Le carburant produit toujours autant d’énergie, mais il se trouve qu’une fois brûlé et les gaz propulseurs éjectés, la répartition de l’énergie est différente.
Quand le vaisseau est initialement à l’arrêt, l’intégralité de l’énergie du moteur est transmise au gaz éjecté : le gaz est éjecté à très haute vitesse vers l’arrière mais le vaisseau n’a qu’une très faible vitesse. Au fur et à mesure de son accélération, de plus en plus d’énergie est transmise au vaisseau plutôt qu’aux gaz éjectés. Et plus le vaisseau va vite, plus la proportion d’énergie transmise au vaisseau est importante.

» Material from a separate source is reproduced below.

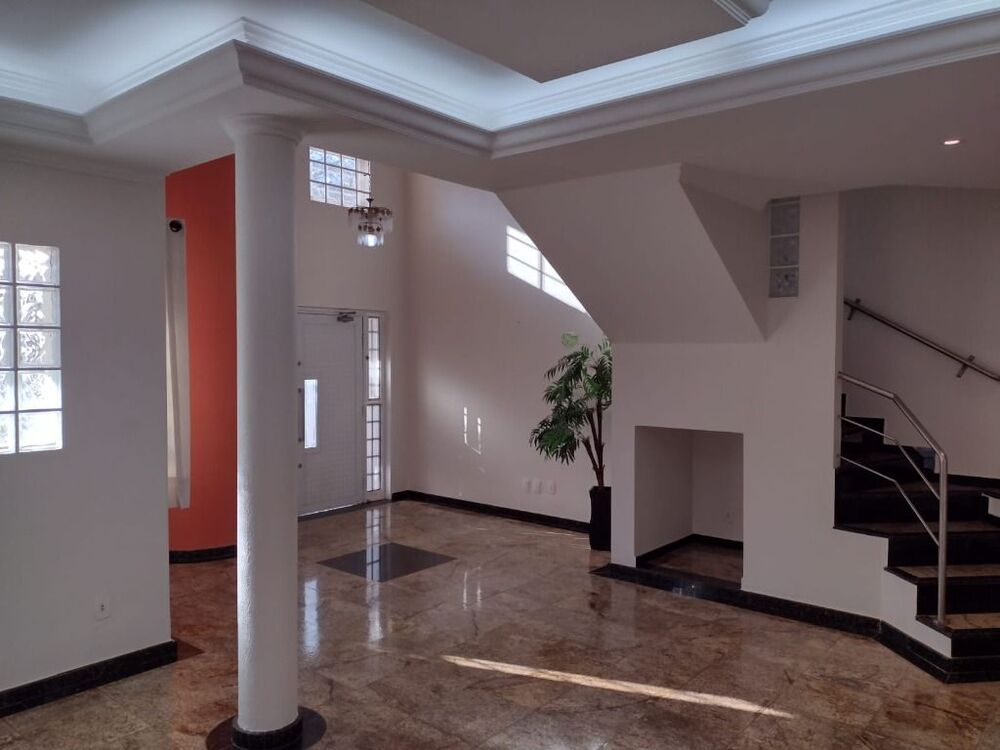 Casa à venda e aluguel com 4 quartos, 337m² - Foto 1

En effet, à haute vitesse, le vaisseau et le carburant sont déjà en mouvement et le carburant possède lui aussi son énergie cinétique. Dans ce cas-là, quand on allume les moteurs, une partie de l’énergie cinétique du carburant (en mouvement avec le vaisseau) est récupérée et captée par le vaisseau.
Si l'on résume, l'approche d'un astre va donner de l'énergie à la sonde plus à son carburant. L’ensemble aura donc une vitesse beaucoup plus grande. A ce moment là, on se débarrasse du carburant en récupérant son énergie cinétique, puis on s'éloigne de l'astre. L’éloignement se fait alors à haute vitesse et plus facilement, car il y a toute la masse de carburant en moins à accélérer.
On appelle cela la manœuvre d’Oberth, et elle permet ni plus ni moins d’optimiser l’extraction de l’énergie contenue dans le carburant en récupérant non seulement son énergie chimique grâce à la combustion, mais également une partie de son énergie cinétique, acquise « gratuitement » grâce à l’assistance gravitationnelle.
Cet effet est une des méthodes possible pour profiter de l’assistance gravitationnelle d’un trou noir, dont il n’est pas, a priori, possible d’extraire quoi que ce soit, mais qui reste un astre comme tout autre.
Pour résumer
l’assistance gravitationnelle telle qu’on l’entend normalement revient à voler de l’énergie cinétique orbitale à un astre pour la transmettre à une sonde spatiale en vue de la faire accélérer.
En pratique, en passant près d’une planète, la sonde gagne en vitesse et peut ensuite s’en éloigner nettement plus vite. L’énergie gagnée par la sonde est volée à la planète ou à l’astre, qui s’en trouve ralentie.
Bien-sûr, l’énergie cinétique de la planète étant immensément plus grande que celle de la sonde, sa baisse de vitesse est imperceptible.
Inversement, en passant de l’autre côté de la planète ou en arrivant de face, on peut s’en servir pour ralentir une sonde spatiale.
l’assistance gravitationnelle est quelque chose de très utilisée par les sondes spatiales et permettent à celles-ci d’atteindre leur objectif beaucoup plus rapidement.
Bien-sûr, l’assistance gravitationnelle permet aussi de dévier sa trajectoire par rapport à une ligne droite, ce qui est également parfois utile. C’est par exemple ainsi que les premières fusées Apollo (qui ne faisaient que survoler la Lune) contournaient la Lune pour se rediriger en direction de la Terre, simplement avec une manœuvre gravitationnelle.